Back in New York City

Place "Worlds Apart" (complete with sarcastic vocal snippets and "Fuck you"'s) in its lineage as anti-mainstream scorn-rock in the most caustic Sex Pistols/Frank Zappa tradition, and Trail of Dead's vitriolic coverage of The Lamb Lies Down on Broadway begins to make sense. Trail of Dead are very, very angry young men...I think.

"Back in New York City" (Genesis abbreviated it "N.Y.C.") features Conrad Keely, as the concept album's main character Rael, recounting criminal penchants for assault, rape, pyromania, and drug addiction, along with vague reference to masturbation and homoeroticism. (Though the "rock opera" couches these lyrics in Rael's headtrip, so all that's up for debate.) Meanwhile, the band struggles to keep up with a barrage of time-signature shifts. Everybody (especially a rasping Keely) labors through the impossible chorus, which eschews "romantic escape" for violent sex, whilst bleating synths and artlessly pounded drums render this a brittle, forced update of perhaps Genesis and The Lamb's most nimble proto-New Wave achievement.

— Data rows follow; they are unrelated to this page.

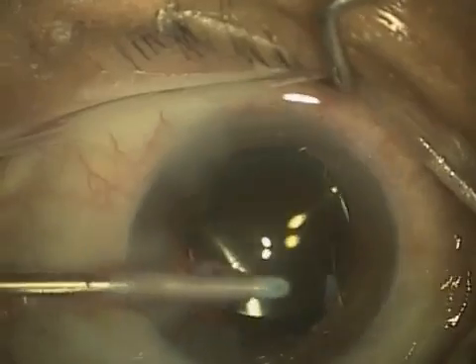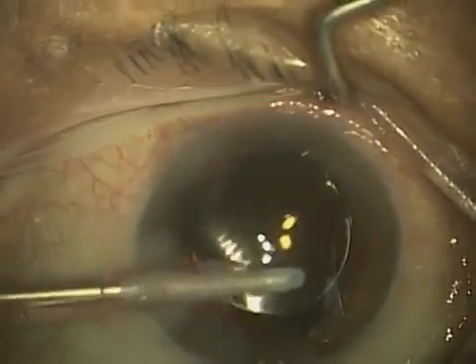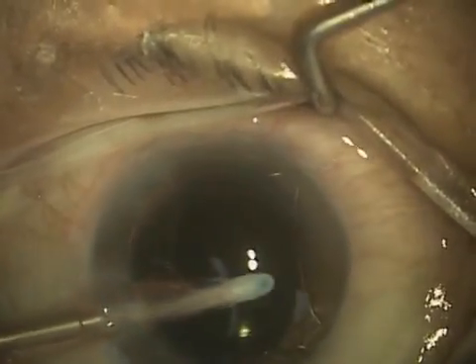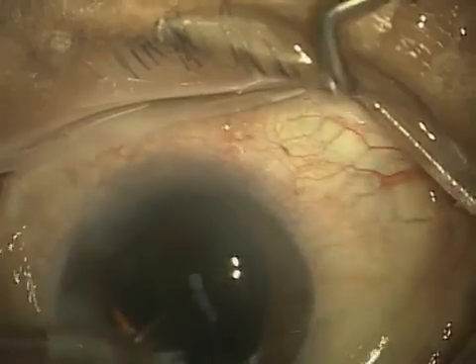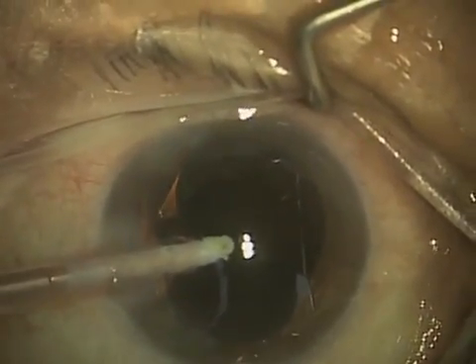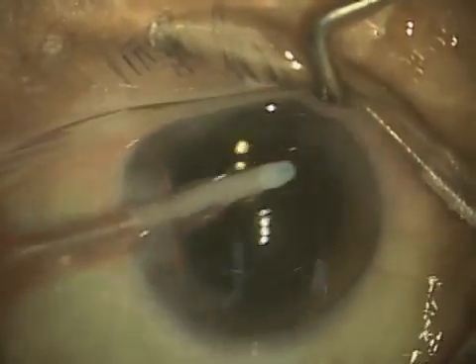You see the patient moved a little bit, and again, that's relatively common when somebody suddenly has clear vision because the lens is now in the eye. They want to look around, so I generally just gently inform them that we're almost done and just need them to keep looking straight ahead for a little bit.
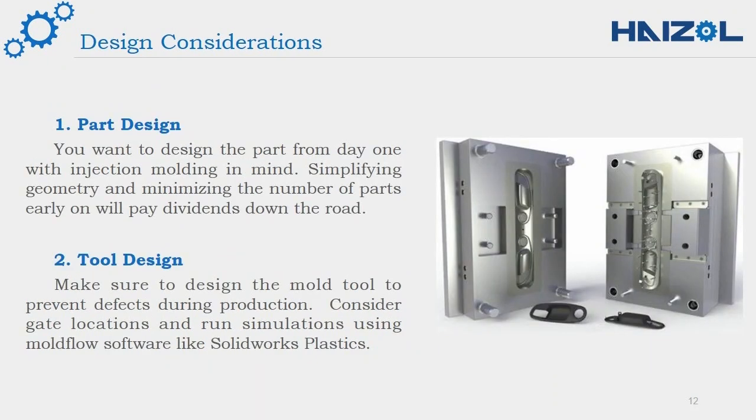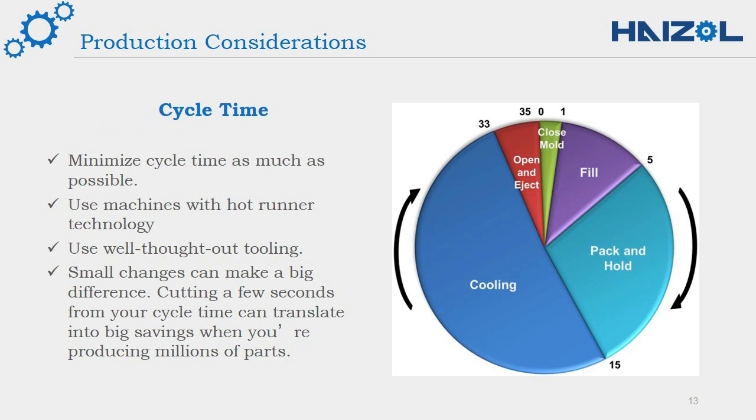For part design, design your parts from day one with injection molding in mind — simplifying geometry and minimizing the number of parts early on will benefit you later. For tool design, make sure to design the mold tool to prevent defects during production; consider gate locations and run simulations using mold flow software like SolidWorks. For production, minimize cycle time as much as possible — for example, by using machines with hot runner technology and well-thought-out tooling. Small changes can make a big difference, and cutting a few seconds from your cycle time can translate into big savings when producing millions of parts.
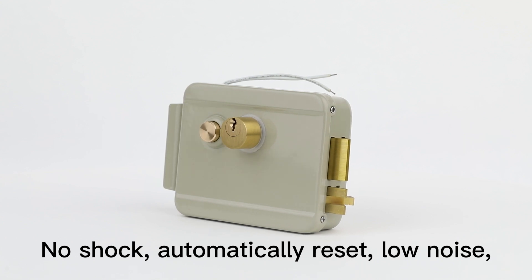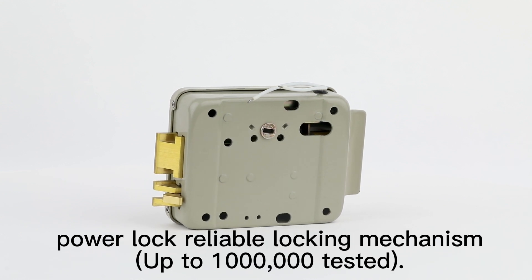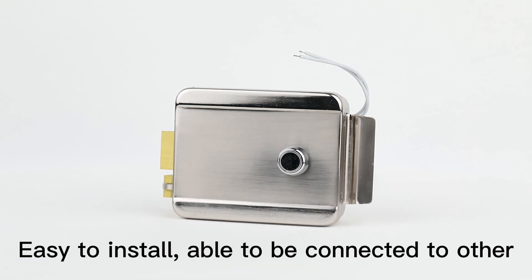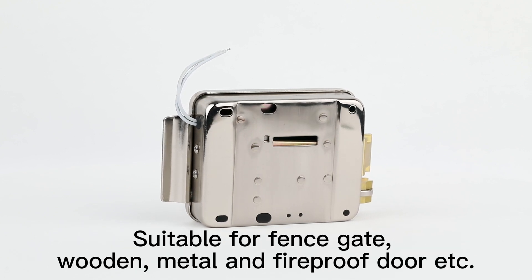No shock, automatically reset, low noise, low power consumption and small requirements for door closer. Power lock reliable locking mechanism, up to 1 million tested. Easy to install, able to be connected to other electric access control system.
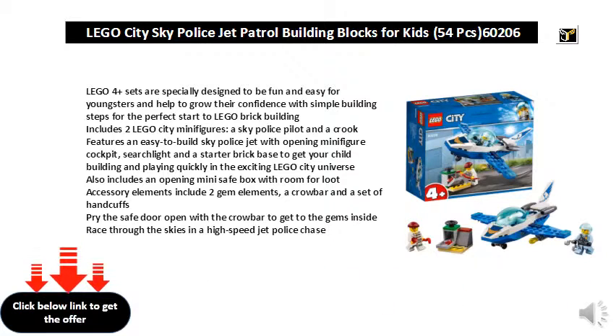Also includes an opening mini safe box with room for loot. Accessory elements include two gem elements, a crowbar, and a set of handcuffs. Pry the safe door open with a crowbar to get to the gems inside — then race through the sky in a high speed jet police chase.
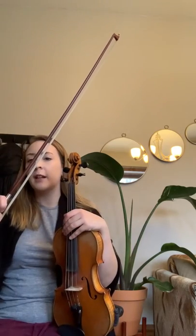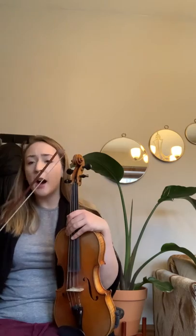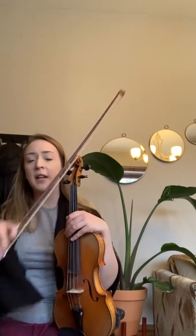The last two notes are tricky, so look at those last two notes with me: down, up, down, up, down. Going in the air one more time — ready, and down, up, down, up, down, up, down. Good.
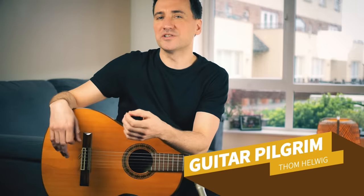Tears in Heaven is one of those classic songs that is an absolute joy to play, whether you're a beginner or an advanced player.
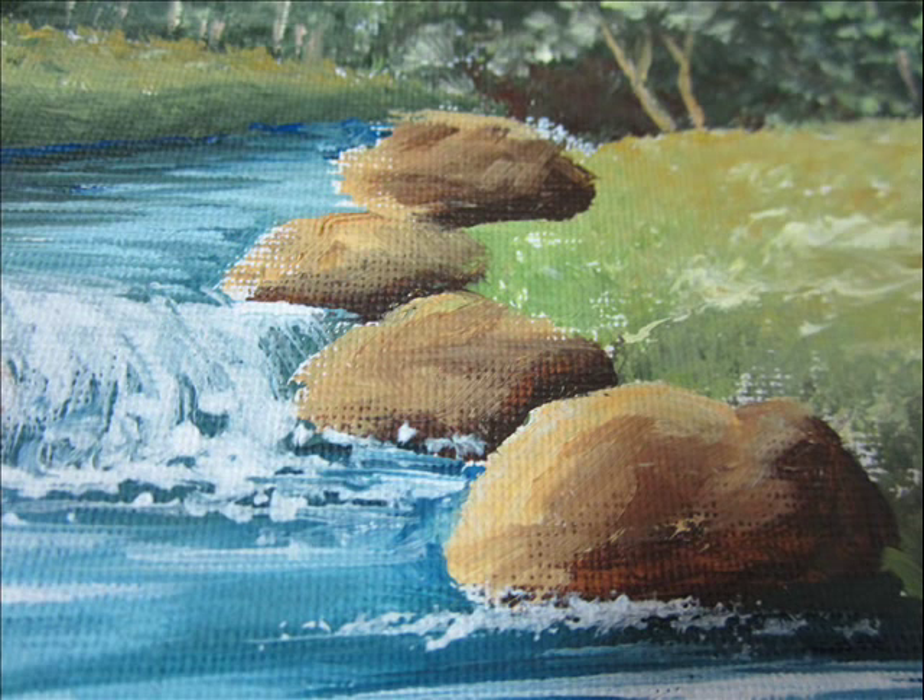Thumbs up if you liked it and leave a comment to tell us how it came out for you. Bye bye, have a great day.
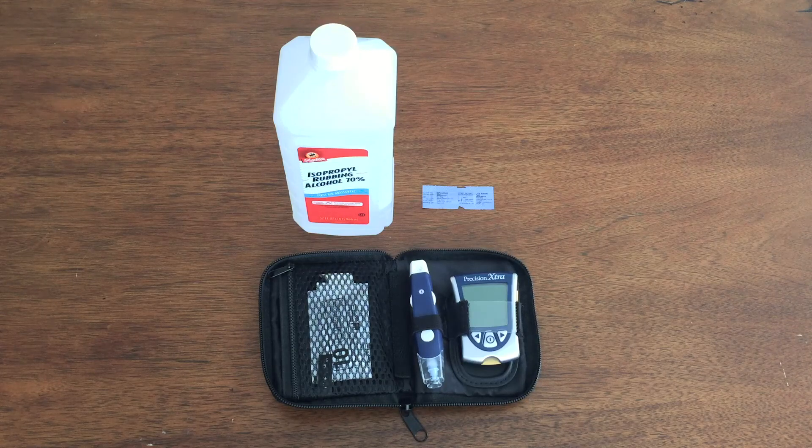Hey everyone, Ray Delvecchio here. I'm in the middle of doing a blood glucose response test that I started a few weeks ago. What I'm doing is eating a specific kind of food and then measuring my blood sugar an hour and two hours after. Today I'm doing cheddar cheese, which is a food I tend to eat a lot of, maybe too much of, and we're going to see how that affects my blood sugar.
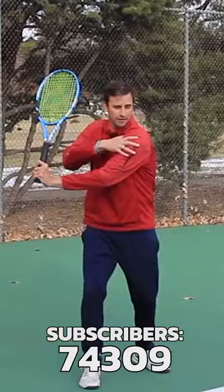How tight should you squeeze the racket on the forehand? Are you trying to hit me? Focus on the forehand, right here.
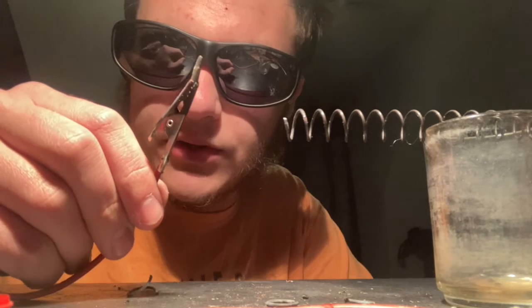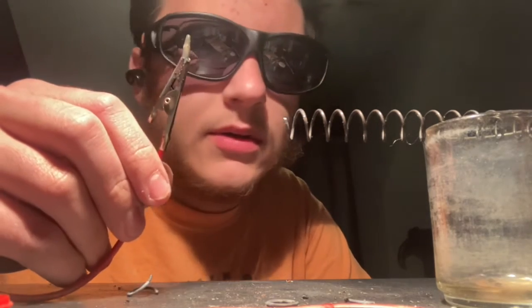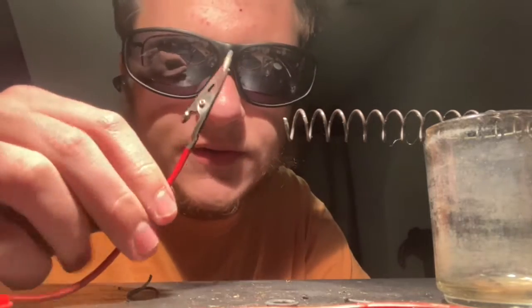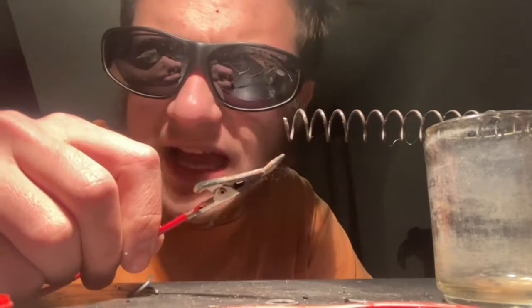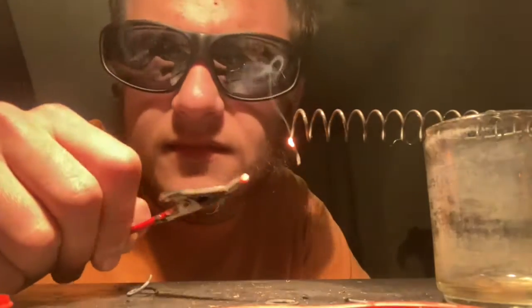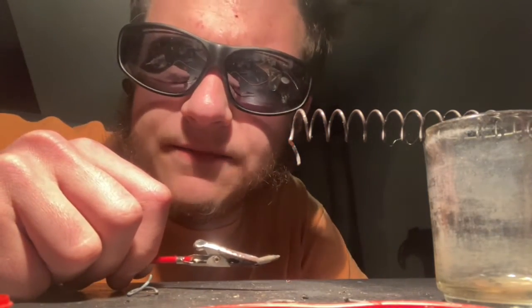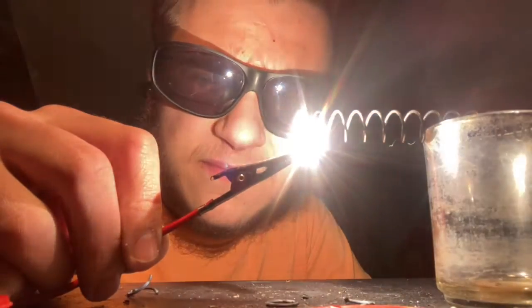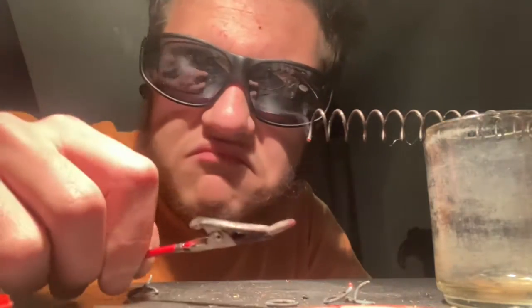This is just a carbon electrode with 32 volts going to it, which will drop down to about half a volt or so — and just like that, it's melted steel. Let's try it again. Like butter.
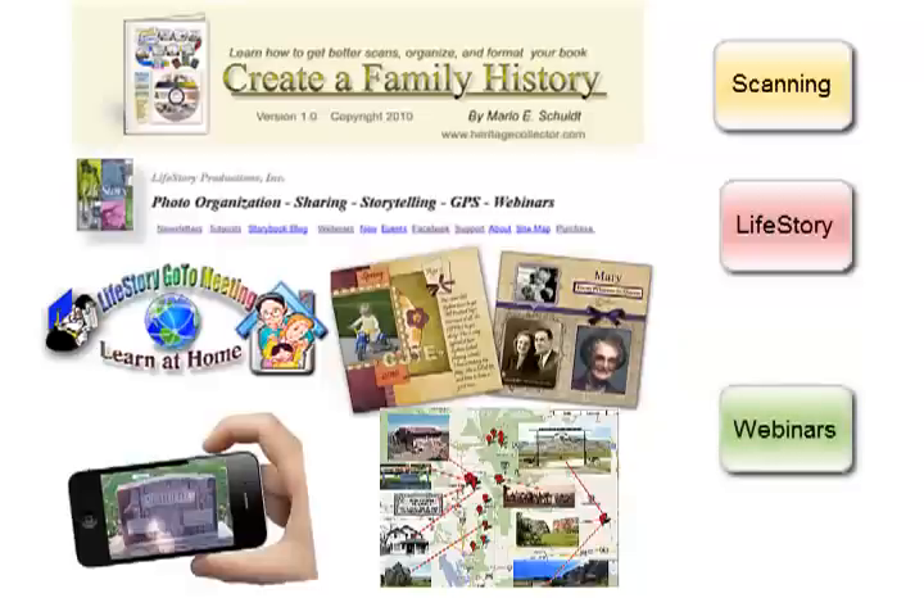Click on this link to go to our webinar site, where you can sign up or view a list of recorded webinars. Thanks for watching and we hope to see you soon.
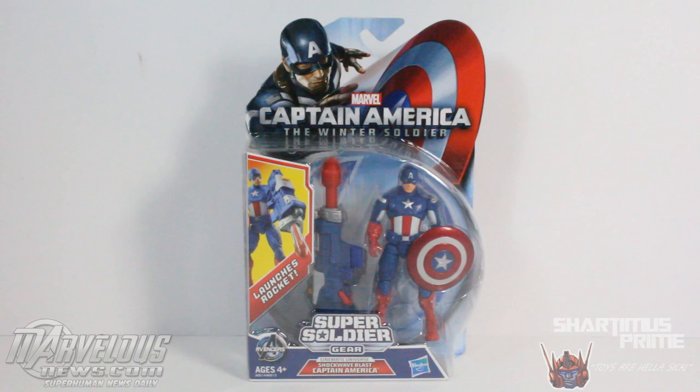Hey, what's up you guys, Shardomance Prime here doing another Captain America the Winter Soldier 3¾ inch figure review — the Shockwave Blast Captain America figure from the Super Soldier Gear 3¾ inch wave, also known as the gigantic accessories wave.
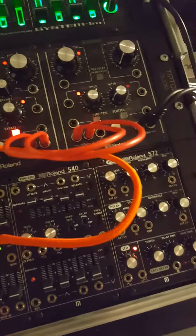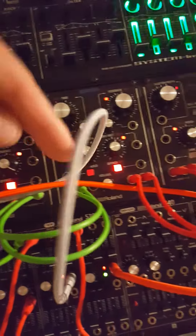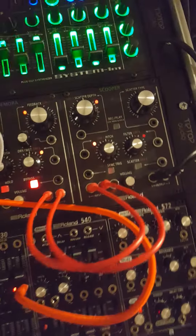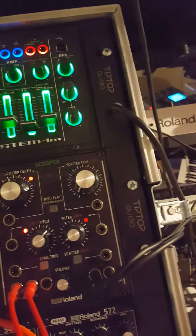But everything right now — I have the outs from the 530 going into the Torcedo up here, and basically everything is connected and synced together. I don't really have many effects going on right now as far as the Torcedo Bitraiser, Demora, or the Scoper.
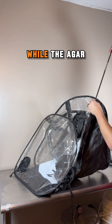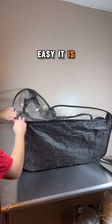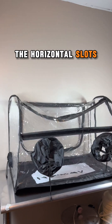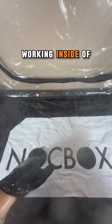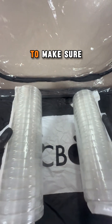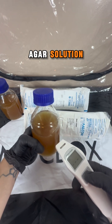While the agar solution is cooling down, I set up the knock box by North Spore. I love how easy it is to set up — just using tent poles, all you have to do is slide them into the horizontal slots and it's ready to go. It creates a still air environment where no airborne contaminants can land while you are working inside of it. The most important part is to spray every inch inside the knock box with isopropyl alcohol to make sure it's clean before working.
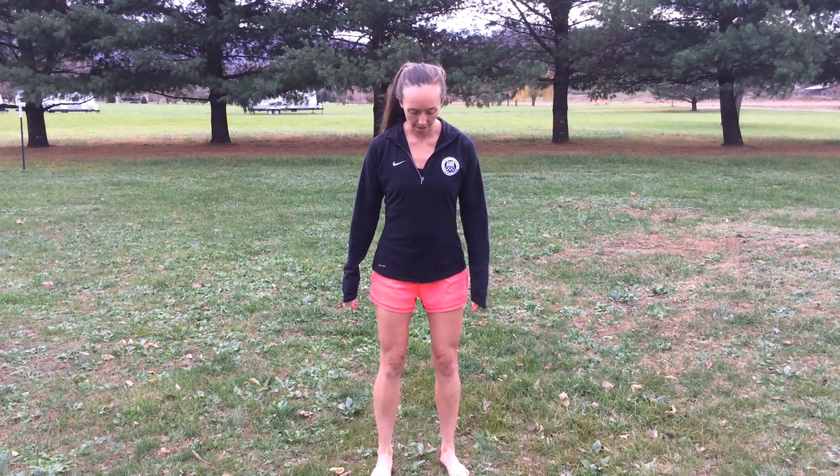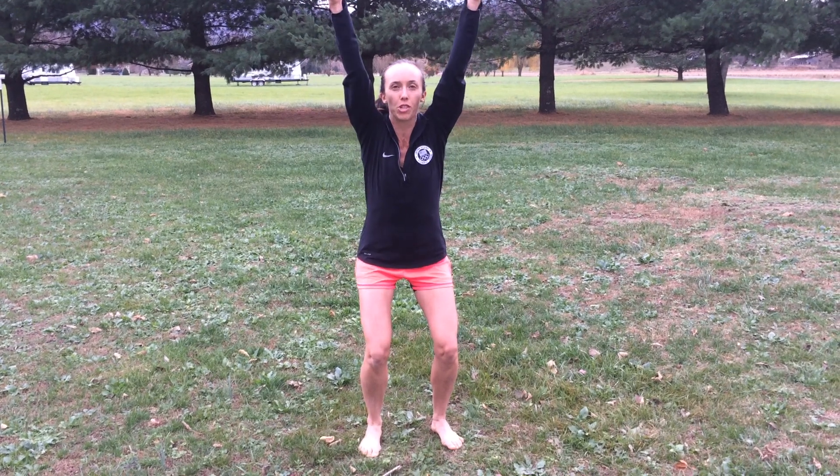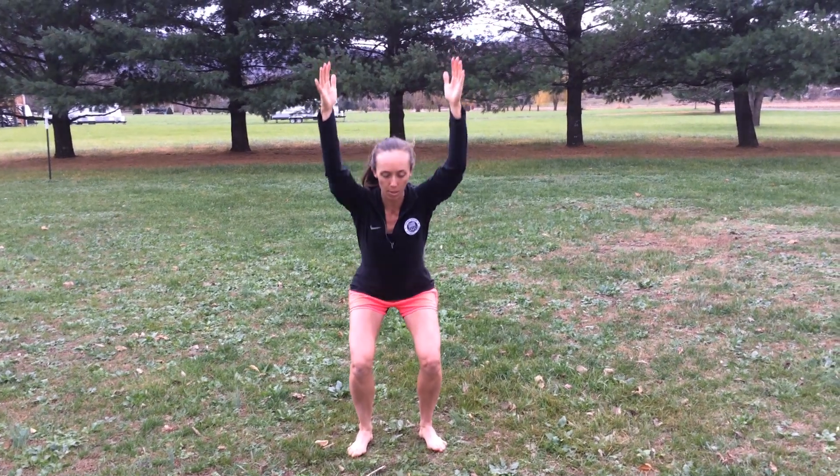Alright guys, we are going to do our Growing Like a Tree. So we're going to sit back into a quarter squat. We're going to tuck our pelvis under, arms up in your ears, pull the shoulder blades down and back and engage your back muscles. Then we're going to sit low like we're sitting in our chair pose. We're going to get nice and low, still keep that chest up high.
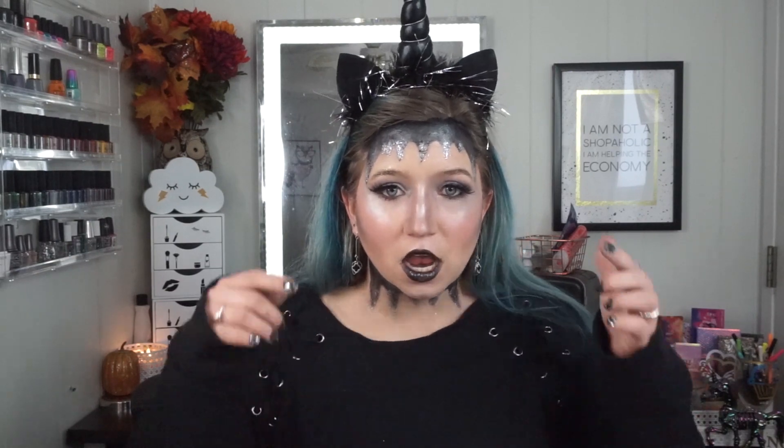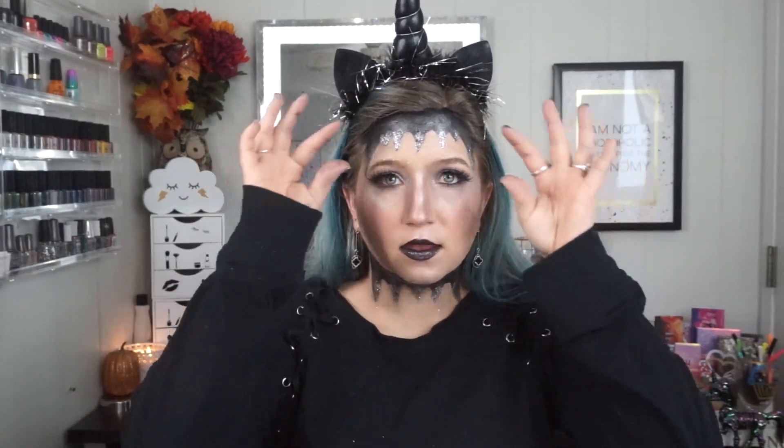That completes this video! Thank you guys so much for watching. I hope you enjoyed my dark unicorn 2.0 version. I love this Halloween costume — I'm able to wear a cozy black sweater and a headband and just some makeup and look cute and kind of scary at the same time. I really like the changes I made from last year, like doing the crown versus the full forehead painted out black. Thank you so much for watching — don't forget to hit that like and subscribe button if you haven't already, and I will see you guys next time, bye!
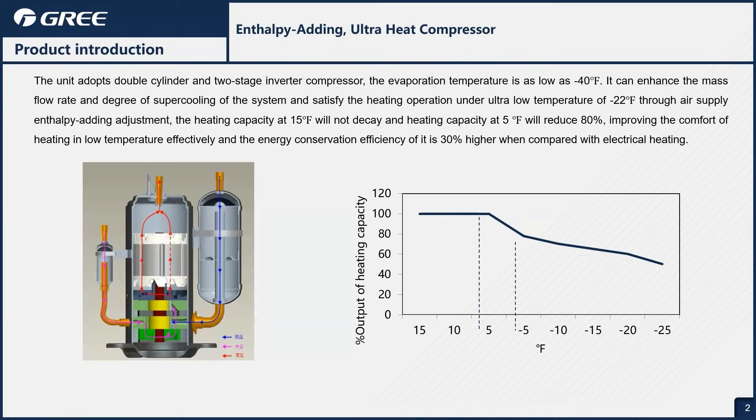This product also has our enthalpy-adding ultra-heat compressor. This is an important piece of technology that we put in a lot of our equipment that gets us down to negative 22 degrees Fahrenheit heating. Good to note that on our two-ton at 15 degrees Fahrenheit, we can get 100% capacity.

Easily the most interesting lyrical move here (both today and back in '74) is "Your progressive hypocrites hand out their trash/ But it was mine in the first place, so I'll burn it to ash." Peter Gabriel had by then earned his invective, having already written several of the decade's top prog LPs; 30 years later, Trail of Dead are equally livid over the music culture of the mid-00s, so I guess Gabriel/Rael's proclamation offers a fitting stance for them to assume. OK, fine. Visceral prog hallucinations work for the Mars Volta, right? But then why is "Back in New York City" sandwiched between "Worlds Apart" and a blissful rendition of trippy-dippy Monkees/Carole King psych classic "The Porpoise Song"? Because Zappa had a bit part in Head, maybe? Yeah, I have no idea either.